Phillips 66 Lindsey Oil Refinery
- Location: North Killingholme, North Lincolnshire, England; 53°38′26″N 0°15′28″W﻿ / ﻿53.64063°N 0.25782°W;

Refinery details
- Owner: Phillips 66
- Opened: May 1968
- Capacity: 113,000 barrels per day (18,000 m^{3}/d)
- No. of employees: 415

= Lindsey Oil Refinery =

Oil refinery in North Killingholme

Phillips 66 Lindsey Oil Refinery is an oil refinery in North Killingholme, North Lincolnshire, England owned and operated by Phillips 66. It lies to the north of the Humber Refinery, also owned by Phillips 66, and the railway line to the Port of Immingham. Immingham Power Station, owned by VPI Immingham, used to provide the steam for the fractionation processes.

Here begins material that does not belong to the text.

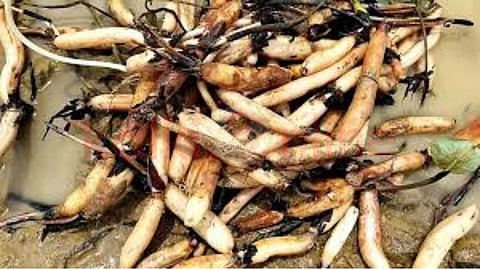 Medicinal benefits of lotus tuber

The company owning the refinery filed for insolvency on 29 June 2025, prompting the Government of the United Kingdom to provide funding for special support and insolvency practitioners to maintain the refinery whilst a new buyer was sought. On 5 January 2026, Phillips 66 agreed terms to buy Lindsey Oil Refinery.

==History and operation==

The site was announced in Belgium on 17 February 1965. East Midlands Gas Board had built a £6.5 million site in 1965, in conjunction with Total. The Prince of Wales visited this site on 19 June 1968, later visiting nearby gas field sites in the North Sea.

In the early 1970s the CEGB had planned a 4,000 MW oil power station nearby, and another oil power station at Insworke in Cornwall. Both would be cancelled in March 1975.

===Construction===
Construction began in November 1965, by Lummus Company. The refinery would process 65,000 barrels per day, which was 3.5 million tons per year. It was planned to open in 1967. Storage tanks were built by William Neill of Merseyside.

On Thursday 10 August 1967, around 4 pm, a 49 year old construction worker, for Sir Robert McAlpine, was killed, after falling 15 feet on a scaffold. There were 2,000 construction workers. Qualified first aid staff were not sufficient. The worker died in the ambulance.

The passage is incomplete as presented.